Provided material ->

################

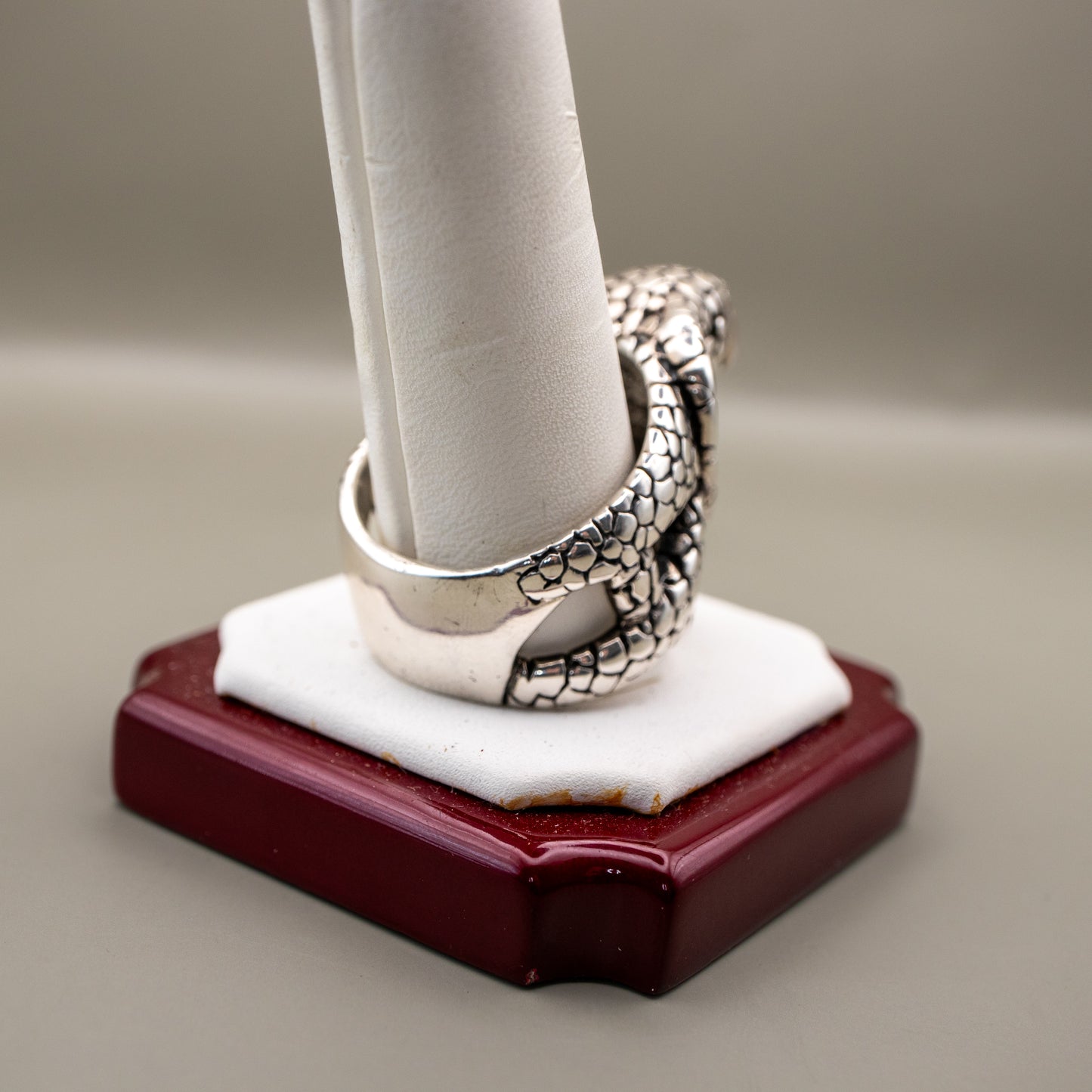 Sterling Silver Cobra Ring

################

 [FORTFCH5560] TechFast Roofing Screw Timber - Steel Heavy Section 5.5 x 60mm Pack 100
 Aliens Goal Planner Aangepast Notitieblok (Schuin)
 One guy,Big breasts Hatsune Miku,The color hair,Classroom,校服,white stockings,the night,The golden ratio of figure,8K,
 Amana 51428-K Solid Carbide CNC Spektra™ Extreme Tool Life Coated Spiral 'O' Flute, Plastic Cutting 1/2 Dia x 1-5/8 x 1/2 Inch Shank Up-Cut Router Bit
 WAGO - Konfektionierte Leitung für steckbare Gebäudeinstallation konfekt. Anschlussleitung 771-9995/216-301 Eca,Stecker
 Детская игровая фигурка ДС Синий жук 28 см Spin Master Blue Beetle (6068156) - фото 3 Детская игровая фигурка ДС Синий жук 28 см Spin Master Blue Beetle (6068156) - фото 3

################

What you should do -> Using the data above, reproduce exactly the lines between those holding "Amana 51428-K Solid" and "фото 3 Детская", inclusive, and no others.

Response below ->
 Amana 51428-K Solid Carbide CNC Spektra™ Extreme Tool Life Coated Spiral 'O' Flute, Plastic Cutting 1/2 Dia x 1-5/8 x 1/2 Inch Shank Up-Cut Router Bit
 WAGO - Konfektionierte Leitung für steckbare Gebäudeinstallation konfekt. Anschlussleitung 771-9995/216-301 Eca,Stecker
 Детская игровая фигурка ДС Синий жук 28 см Spin Master Blue Beetle (6068156) - фото 3 Детская игровая фигурка ДС Синий жук 28 см Spin Master Blue Beetle (6068156) - фото 3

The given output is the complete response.